Brief descriptive captions:
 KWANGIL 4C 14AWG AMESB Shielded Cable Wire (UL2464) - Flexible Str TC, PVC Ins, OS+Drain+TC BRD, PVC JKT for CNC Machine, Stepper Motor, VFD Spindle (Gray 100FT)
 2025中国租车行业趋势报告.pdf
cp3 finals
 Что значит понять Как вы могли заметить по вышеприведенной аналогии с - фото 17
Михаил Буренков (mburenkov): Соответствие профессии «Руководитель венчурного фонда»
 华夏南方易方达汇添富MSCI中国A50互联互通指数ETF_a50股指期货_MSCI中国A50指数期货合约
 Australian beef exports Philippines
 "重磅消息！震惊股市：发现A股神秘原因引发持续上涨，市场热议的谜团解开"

▸ INSTRUCTIONS TO FOLLOW
Give again only the lines starting at the one that contains "Что значит понять" and running to the end of the data.

▸ EXERCISE OUTPUT
 Что значит понять Как вы могли заметить по вышеприведенной аналогии с - фото 17
Михаил Буренков (mburenkov): Соответствие профессии «Руководитель венчурного фонда»
 华夏南方易方达汇添富MSCI中国A50互联互通指数ETF_a50股指期货_MSCI中国A50指数期货合约
 Australian beef exports Philippines
 "重磅消息！震惊股市：发现A股神秘原因引发持续上涨，市场热议的谜团解开"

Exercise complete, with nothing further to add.